Conversely, a max-flow with value $D$ in $H$ is possible only when full capacities of the subordinate sources are used which implies that both capacity constraint and conservation condition are maintained. Hence there is a valid circulation in $G$.

**Circulation with Demands and Lower bounds**

**Given:**

**-**Graph $G(V,E)$

- Capacities on the edges

- Demands for each vertex ${d_v}$

- Lower bound for each edge $\ni l(e) \leq c(e)$

Now, a valid circulation is one where $l(e) \leq f(e) \leq c(e)$.

**Algorithm: Get rid of the lower bound somehow and then solve the circulation with demands**

- Push a flow equal to the lower bound on each edge

- It satisfies the bounds

- Does not satisfy the conservation of flow

- Let $L_v = f^{in}(v) - f^{out}(v)$ be the residual demand

- Set the new $d'_v = d_v - L_v$ and reduce the capacities to $c'(e) = c(e) - l(e)$ to get new graph $G'$

- The lower bounds vanish

- Solve the circulation problem in $G'$

- Add the circulation to the lower bounds $f = f_0 + f'$

**Correctness:**

Want to show that $G$ has valid circulation with demands and lower bounds if and only if $G'$ has a valid circulation with demands.

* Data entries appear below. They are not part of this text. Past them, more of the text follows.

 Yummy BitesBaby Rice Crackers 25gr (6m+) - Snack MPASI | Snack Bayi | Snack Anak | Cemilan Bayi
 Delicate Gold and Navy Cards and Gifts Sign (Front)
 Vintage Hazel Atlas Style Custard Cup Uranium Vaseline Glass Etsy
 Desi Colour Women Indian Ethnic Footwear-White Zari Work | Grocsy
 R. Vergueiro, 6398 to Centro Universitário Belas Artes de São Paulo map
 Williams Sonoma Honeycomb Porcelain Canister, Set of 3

First we show, $(f \text{ is valid } \implies f' \text{ is valid } )$

- $f(e) - l(e) \leq c(e) - l(e) \implies f'(e) \leq c'(e) \rightarrow$ hence bounded by capacity

- $\sum_{e \; into \; v } (f(e) - l(e)) - \sum_{e \; out \; of \; v} (f(e) - l(e)) = d_v - L_v \rightarrow$ hence flow is conserved

Now we show, $(f '\text{ is valid } \implies f \text{ is valid } )$

- Clearly $l(e) \leq f_0(e) + f'(e) \leq l(e) + c'(e) = c(e) \rightarrow $ hence satisfies the bounds

- $\sum_{e \; into \; v } (l(e) + f'(e)) - \sum_{e \; out \; of \; v} (l(e) + f'(e)) = L_v + (d_v - L_v) = d_v \rightarrow$ hence the flow is conserved

Hence proved.

**Survey Design**

**Problem Statement:**

Given:

- Set of consumers

- Set of products

- List of products that each consumer has consumed

Want:

- To ask questions to the consumer about a subset of the products that the consumer used

- $i^{th}$ consumer would answer only questions in the range $[c_i, c'_i]$

- For the $i^{th}$ product we want to ask question in the range $[p_i, p'_i]$

Question:

How to assign questions to the consumers so that we get required information about each product while keeping the consumers happy?

**Algorithm:**

- Form a Bipartite graph with consumers on one side and products on the other

- Connect the consumers with the products that they used by an edge with capacity $1$

- Connect the consumers to a source $S$ with edges of capacities with lower $(c_i)$ and upper $(c'_i)$ bound

- Connect the products to a sink $T$ with edges of capacities with lower $(p_i)$ and upper $(p'_i)$ bound

- We want to get a flow from $S$ to $T$

- But we only know how to compute a circulation

- So connect $T$ to $S$ by an edge of infinite capacity

- Demands on all the vertices including source and sink is 0

- Happily compute a circulation with lower bounds on this network

**Time Complexity:**

- $n$ consumers

- $u$ products

- $m \leftarrow$ sum of the number of products used by the consumers

- $|E| = m$

- $|V| = n + u$

- $O(|V||E|^2) = O((n+u) m^2)$